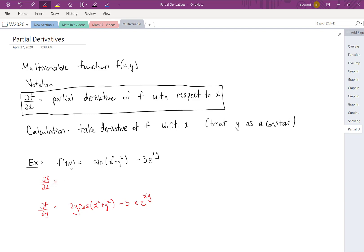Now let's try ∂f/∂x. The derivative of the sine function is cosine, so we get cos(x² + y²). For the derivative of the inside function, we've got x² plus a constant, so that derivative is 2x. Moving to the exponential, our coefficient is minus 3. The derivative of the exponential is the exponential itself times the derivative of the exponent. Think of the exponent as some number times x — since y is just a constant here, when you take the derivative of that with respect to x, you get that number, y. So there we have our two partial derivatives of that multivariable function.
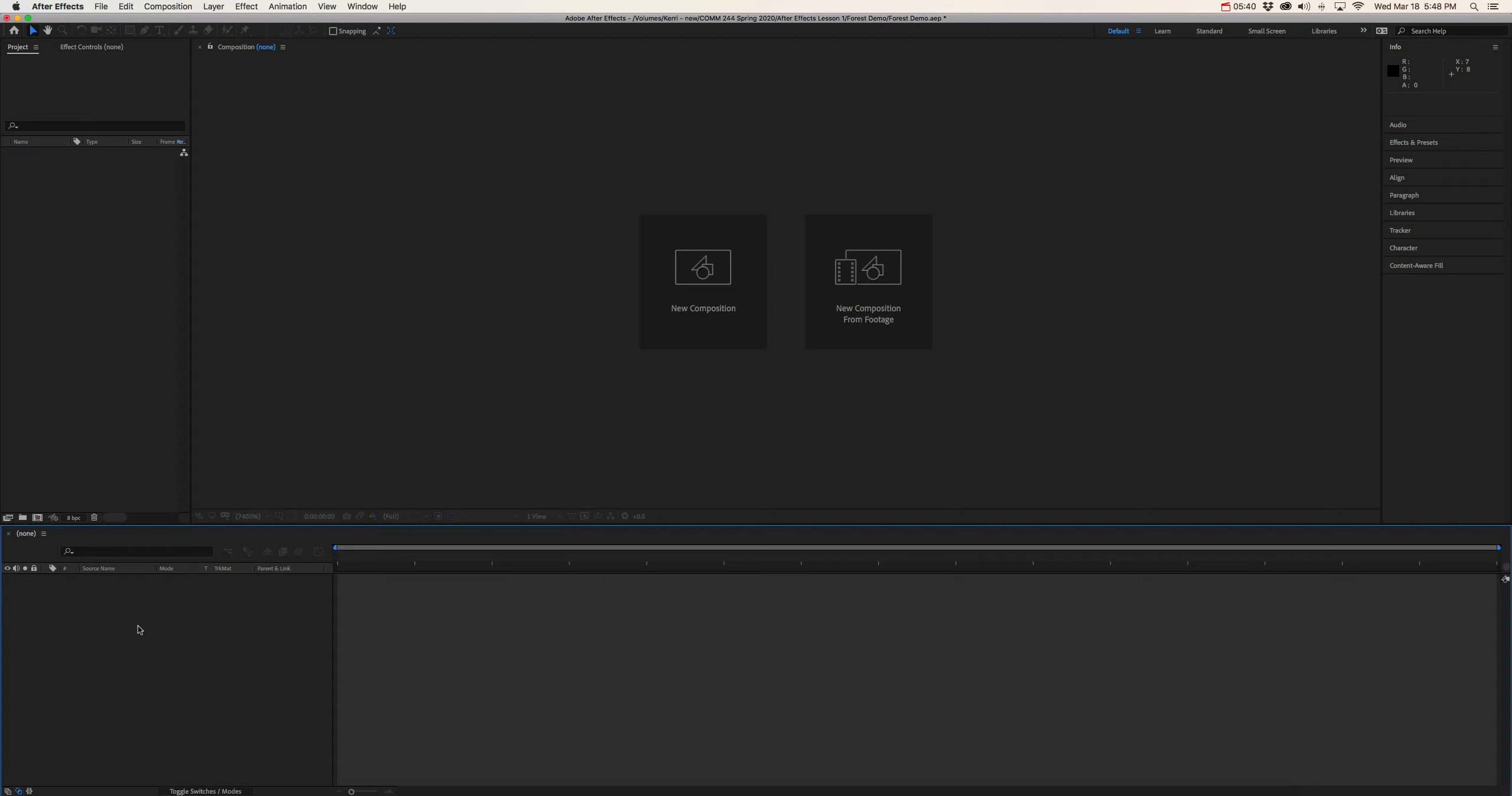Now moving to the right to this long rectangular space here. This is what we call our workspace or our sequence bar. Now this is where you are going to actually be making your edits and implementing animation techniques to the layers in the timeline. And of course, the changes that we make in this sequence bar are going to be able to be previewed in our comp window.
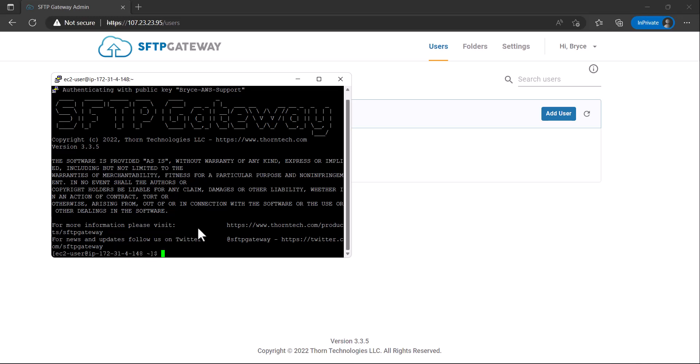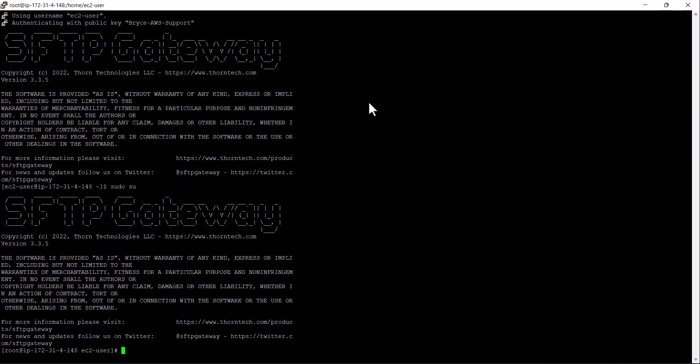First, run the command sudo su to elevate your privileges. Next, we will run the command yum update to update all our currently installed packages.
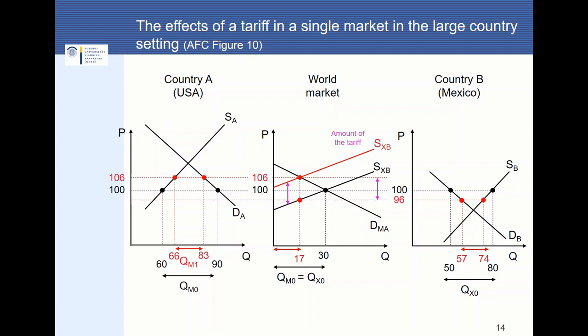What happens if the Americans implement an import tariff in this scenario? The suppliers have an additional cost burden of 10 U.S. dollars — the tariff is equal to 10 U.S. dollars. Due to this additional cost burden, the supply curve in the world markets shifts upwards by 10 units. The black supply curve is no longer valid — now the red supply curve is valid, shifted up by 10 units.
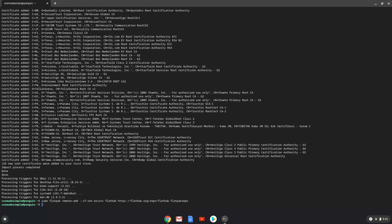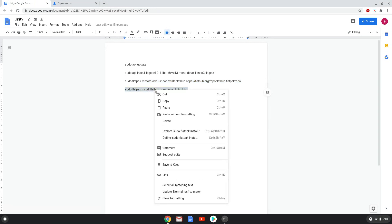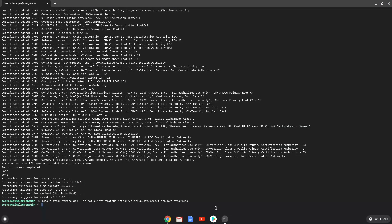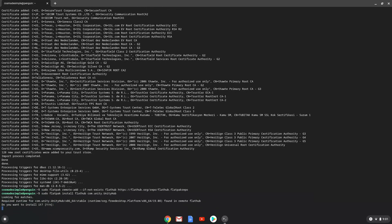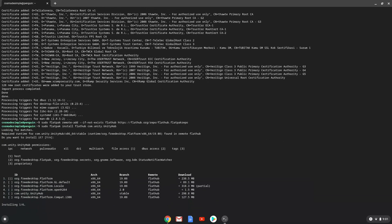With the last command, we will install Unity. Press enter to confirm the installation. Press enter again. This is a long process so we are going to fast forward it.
○ ○ ○ ○ ○
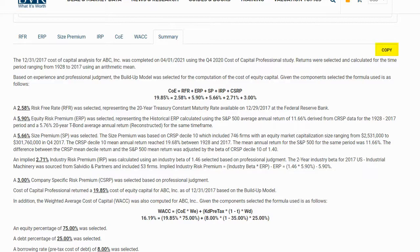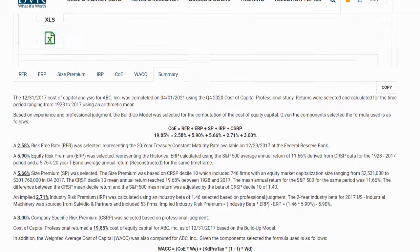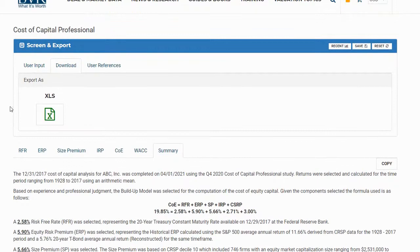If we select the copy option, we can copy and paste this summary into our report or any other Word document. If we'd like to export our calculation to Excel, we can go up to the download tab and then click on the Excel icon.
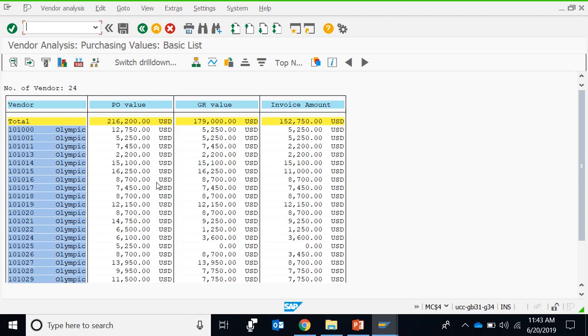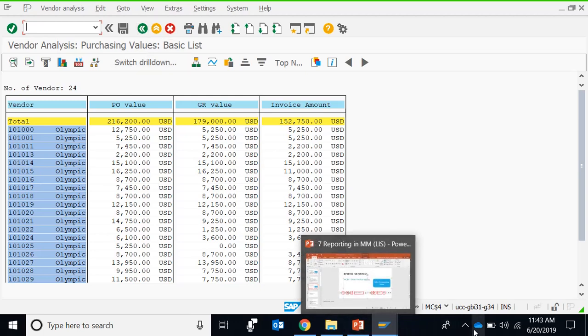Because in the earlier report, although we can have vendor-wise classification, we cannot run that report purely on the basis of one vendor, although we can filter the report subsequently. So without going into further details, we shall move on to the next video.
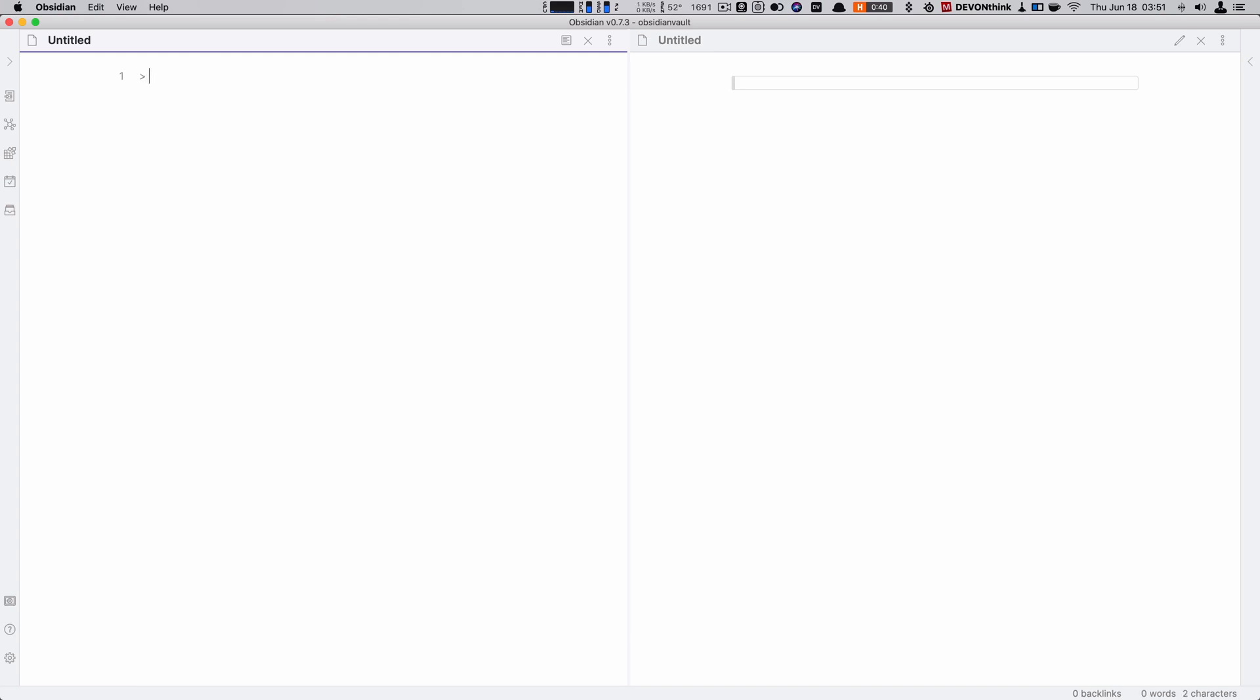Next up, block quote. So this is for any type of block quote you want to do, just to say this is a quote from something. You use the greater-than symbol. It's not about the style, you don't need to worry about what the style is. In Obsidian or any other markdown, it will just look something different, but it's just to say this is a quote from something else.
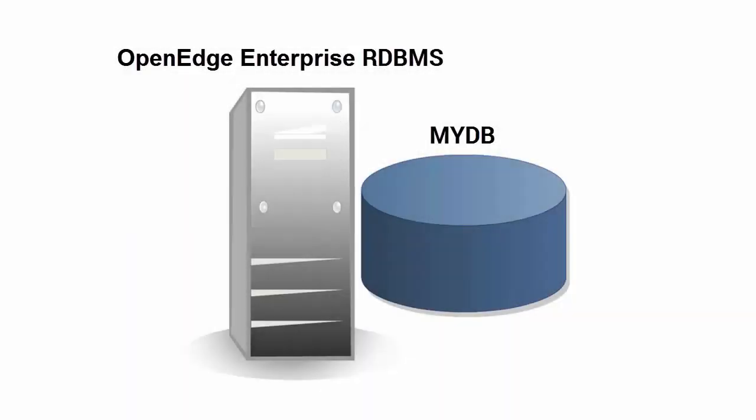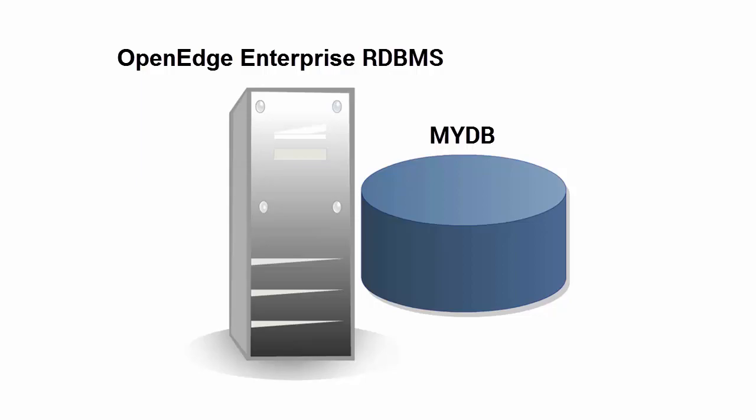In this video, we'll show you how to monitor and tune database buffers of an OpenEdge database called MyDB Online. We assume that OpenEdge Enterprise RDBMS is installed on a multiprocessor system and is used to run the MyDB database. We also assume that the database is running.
○ ○ ○ ○ ○
### [What needs to be done]
Print nothing except the lines above from the one containing "Because in the" down to the one containing "Next up, block", both included, exactly as written and free of pictures.

### [Problem solution]
Because in the earlier report, although we can have vendor-wise classification, we cannot run that report purely on the basis of one vendor, although we can filter the report subsequently. So without going into further details, we shall move on to the next video.
Next up, block quote. So this is for any type of block quote you want to do, just to say this is a quote from something. You use the greater-than symbol. It's not about the style, you don't need to worry about what the style is. In Obsidian or any other markdown, it will just look something different, but it's just to say this is a quote from something else.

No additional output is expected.